* _Data for this task_:

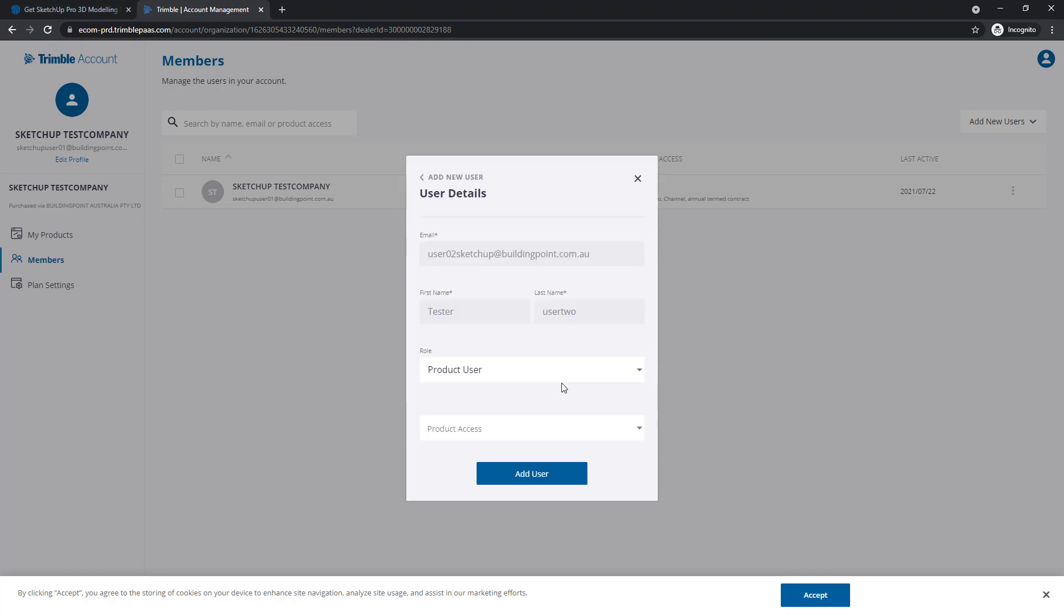If this user already has a Trimble ID, all of their information should auto-populate. But if they don't, you're going to have to add their information for them.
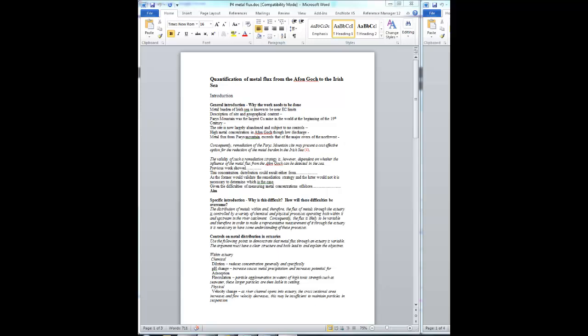This is some guidance for you in writing the paper that will be entitled Quantification of Metal Flux from the Afongok to the Irish Sea.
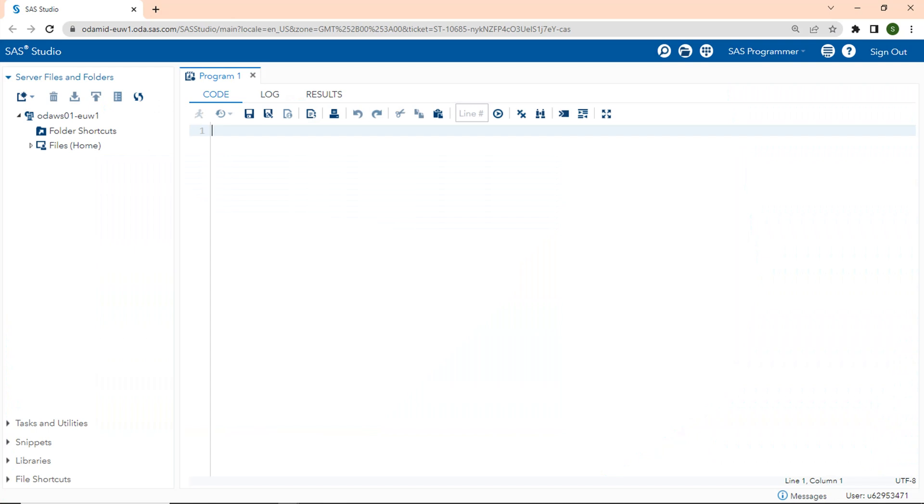The big news is that anyone can now obtain SAS for free. It's called SAS on demand for academics. Anyone can use this free version of SAS, not just students enrolled in a class.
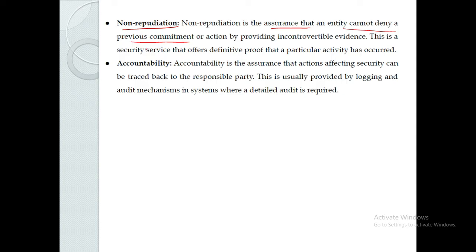For example, if we have made a transaction using our digital signature, we cannot deny that the transaction was made, because our digital signature was used along with it. This ensures non-repudiation — the entity cannot deny the action.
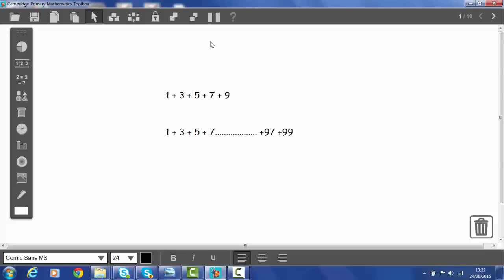1 plus 3 plus 5 plus 7 plus 9 is easy enough to add up. We could do that. We could also add up by hand the numbers between 1 and 99, the odd numbers, but it would take rather a long time and there's a chance we might make a mistake. So what we're going to look at today is can we find an easier way of doing it and can we generalize.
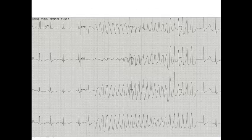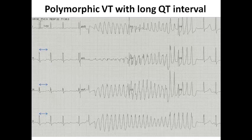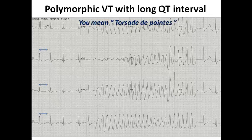In this ECG presentation — an important spot diagnosis — we can see a run of non-sustained ventricular tachycardia. It is polymorphic with multiple morphologies and continuous changing in axis and morphology. The axis is continuously changing at a very rapid rate with a 180-degree change. In the resting ECG preceding this non-sustained VT, we can see evidence of a prolonged QT interval, which is a predisposing factor for this VT.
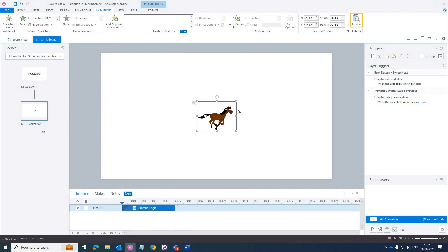Preview your slide to see how the GIF animation plays. Make adjustments to timing or placement if necessary to ensure it fits seamlessly into your course.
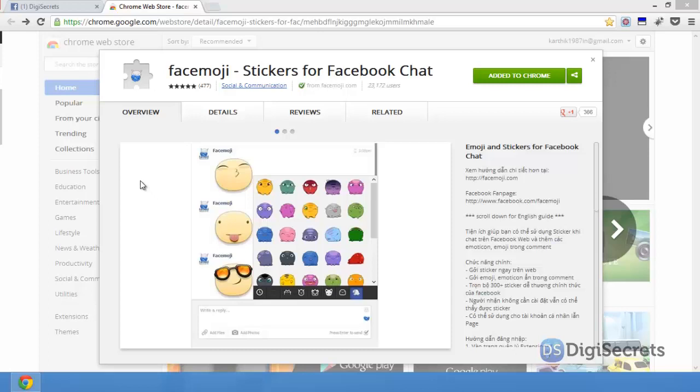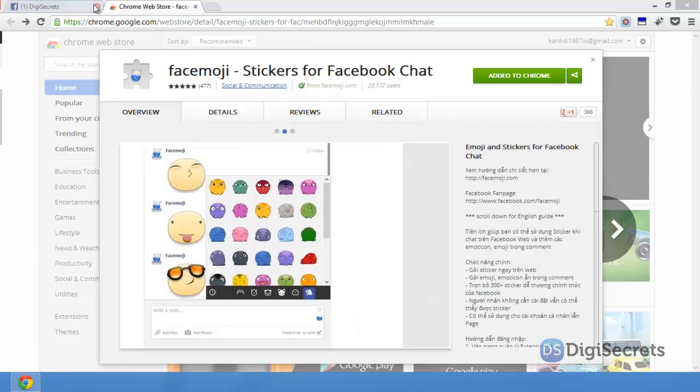Hey guys, this is Karthik from djsecrets.com. Today we're going to see how to send and receive Facebook chat stickers from desktop using Google Chrome. For Google Chrome, there is an extension called Facemoji — just add that to Google Chrome.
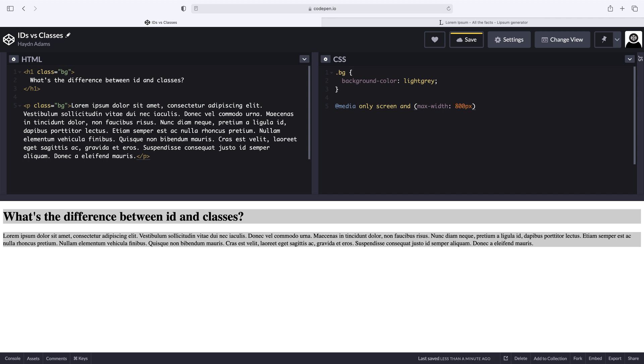So what I'm going to do is I'm going to say at media only screen and max width at 800 px. Now, I'm going to label this small, but for the course of demonstration, I'm going to use this 800 pixels. Normally, when I say small, it's usually about 600 or smaller for pixels.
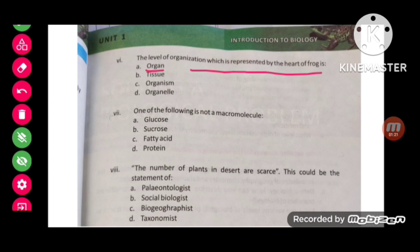One of the following is not a macromolecule — glucose is not a macromolecule. The number of plants in deserts are scarce; this could be a statement of a biogeographer.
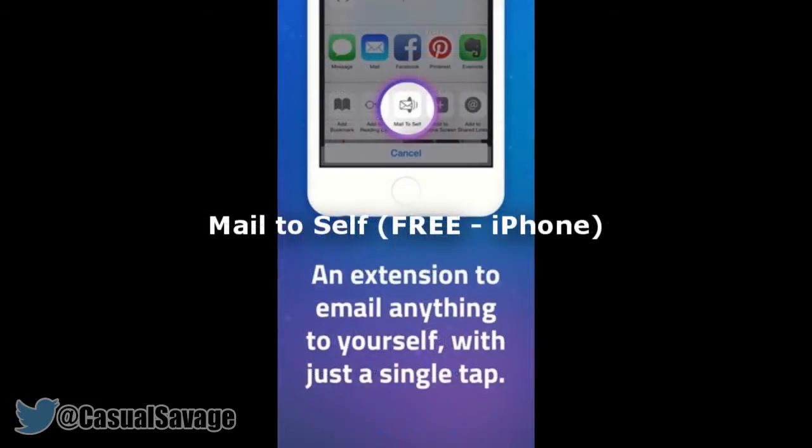Next we've got MailToSelf which is free. This extension will morph your email inbox as a secondary hub for notes and reminders. And with just a single tap, anything you're viewing in Safari will be mailed to you instantly.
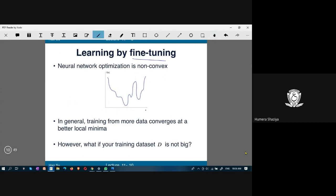That was about multi-view deep learning in its original form — implemented from scratch by developing and designing a convolutional neural network. There is another way to use multi-view deep learning, which is with the concept of fine-tuning.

* _What to produce_:
Output every record above exactly as written, but skip the pictures.

* _Problem solution_:
If this user already has a Trimble ID, all of their information should auto-populate. But if they don't, you're going to have to add their information for them.
This is some guidance for you in writing the paper that will be entitled Quantification of Metal Flux from the Afongok to the Irish Sea.
The big news is that anyone can now obtain SAS for free. It's called SAS on demand for academics. Anyone can use this free version of SAS, not just students enrolled in a class.
For example, if we have made a transaction using our digital signature, we cannot deny that the transaction was made, because our digital signature was used along with it. This ensures non-repudiation — the entity cannot deny the action.
1 plus 3 plus 5 plus 7 plus 9 is easy enough to add up. We could do that. We could also add up by hand the numbers between 1 and 99, the odd numbers, but it would take rather a long time and there's a chance we might make a mistake. So what we're going to look at today is can we find an easier way of doing it and can we generalize.
In this ECG presentation — an important spot diagnosis — we can see a run of non-sustained ventricular tachycardia. It is polymorphic with multiple morphologies and continuous changing in axis and morphology. The axis is continuously changing at a very rapid rate with a 180-degree change. In the resting ECG preceding this non-sustained VT, we can see evidence of a prolonged QT interval, which is a predisposing factor for this VT.
Preview your slide to see how the GIF animation plays. Make adjustments to timing or placement if necessary to ensure it fits seamlessly into your course.
Hey guys, this is Karthik from djsecrets.com. Today we're going to see how to send and receive Facebook chat stickers from desktop using Google Chrome. For Google Chrome, there is an extension called Facemoji — just add that to Google Chrome.
So what I'm going to do is I'm going to say at media only screen and max width at 800 px. Now, I'm going to label this small, but for the course of demonstration, I'm going to use this 800 pixels. Normally, when I say small, it's usually about 600 or smaller for pixels.
One of the following is not a macromolecule — glucose is not a macromolecule. The number of plants in deserts are scarce; this could be a statement of a biogeographer.
Next we've got MailToSelf which is free. This extension will morph your email inbox as a secondary hub for notes and reminders. And with just a single tap, anything you're viewing in Safari will be mailed to you instantly.
That was about multi-view deep learning in its original form — implemented from scratch by developing and designing a convolutional neural network. There is another way to use multi-view deep learning, which is with the concept of fine-tuning.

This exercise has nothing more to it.